Deka-EZB-Kompass: Leitzinserhöhung auf 4,5 % zum Jahresende

1. EZB-Kompass: Der bei 50 Punkten neutrale EZB-Kompass lag im Juni bei 68,8 Punkten nach 68,5 Punkten im Vormonat. Sowohl die monetäre Säule (93,2 nach 93,5 Punkten) als auch die wirtschaftliche Säule (60,7 nach 60,2 Punkten) sprechen für ein restriktives Zinsniveau. Bei beiden Säulen erwarten wir für die nächsten sechs Monate eine Seitwärtstendenz, sodass die Argumente für steigende Leitzinsen bestehen bleiben.

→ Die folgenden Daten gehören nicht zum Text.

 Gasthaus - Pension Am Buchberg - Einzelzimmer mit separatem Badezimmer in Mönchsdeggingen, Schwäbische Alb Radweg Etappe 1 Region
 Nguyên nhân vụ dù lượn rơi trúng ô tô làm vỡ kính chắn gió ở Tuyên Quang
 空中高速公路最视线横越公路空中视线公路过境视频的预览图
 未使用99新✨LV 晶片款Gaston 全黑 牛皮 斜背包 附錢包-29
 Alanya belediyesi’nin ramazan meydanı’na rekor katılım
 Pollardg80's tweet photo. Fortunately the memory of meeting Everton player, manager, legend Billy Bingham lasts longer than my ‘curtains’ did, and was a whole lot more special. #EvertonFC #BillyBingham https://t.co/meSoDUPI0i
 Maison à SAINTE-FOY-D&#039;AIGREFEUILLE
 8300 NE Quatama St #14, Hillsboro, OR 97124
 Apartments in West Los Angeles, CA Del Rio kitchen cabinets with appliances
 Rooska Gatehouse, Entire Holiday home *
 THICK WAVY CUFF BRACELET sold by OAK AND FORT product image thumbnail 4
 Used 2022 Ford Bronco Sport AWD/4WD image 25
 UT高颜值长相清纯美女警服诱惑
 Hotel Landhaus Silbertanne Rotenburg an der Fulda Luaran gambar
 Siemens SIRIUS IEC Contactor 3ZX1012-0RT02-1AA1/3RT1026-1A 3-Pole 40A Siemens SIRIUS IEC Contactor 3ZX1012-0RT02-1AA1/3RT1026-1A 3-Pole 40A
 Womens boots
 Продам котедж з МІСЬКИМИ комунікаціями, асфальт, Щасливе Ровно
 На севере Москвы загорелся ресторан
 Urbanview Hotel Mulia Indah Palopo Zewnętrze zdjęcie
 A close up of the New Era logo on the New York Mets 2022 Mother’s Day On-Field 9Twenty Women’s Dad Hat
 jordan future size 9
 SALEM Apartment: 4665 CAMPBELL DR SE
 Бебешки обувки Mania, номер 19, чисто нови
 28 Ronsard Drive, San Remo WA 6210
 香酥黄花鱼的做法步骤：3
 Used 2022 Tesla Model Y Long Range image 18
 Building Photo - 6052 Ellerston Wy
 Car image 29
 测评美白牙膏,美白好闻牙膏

2. Bei der wirtschaftlichen Säule hat es im Monatsvergleich kaum Veränderungen gegeben. Auch auf Sechsmonatssicht gehen wir bei den meisten Indikatoren von einer Seitwärtstendenz auf den aktuellen Niveaus aus. Dies gilt allerdings nicht für die Gesamtinflationsrate und die Importpreise, bei denen wir höhere Werte erwarten. Insbesondere der HVPI sollte im vierten Quartal mit Werten von durchschnittlich 2,2 % yoy die Notwendigkeit einer Leitzinserhöhung auf 4,5 % deutlich machen. 2008 könnte der Inflationsdruck in einigen Bereichen etwas abnehmen. Wir gehen davon aus, dass der stärkste Lohnstückkostenanstieg in diesem Jahr stattfindet und sich im nächsten Jahr wieder im Bereich um 1 % befindet. Zudem fallen die der MwSt- Erhöhung in Deutschland geschuldeten Basiseffekte bei der Inflationsrate weg, sodass wir wieder mit Raten von unter 2 % rechnen. Im Unterschied zu den vergangenen Jahren reduzieren die konjunkturell bedingt hohen Steuereinnahmen die Gefahr von neuen Erhöhungen indirekter Steuern und administrierter Preise, die in den letzten Jahren regelmäßig zur Inflationsentwicklung beigetragen haben.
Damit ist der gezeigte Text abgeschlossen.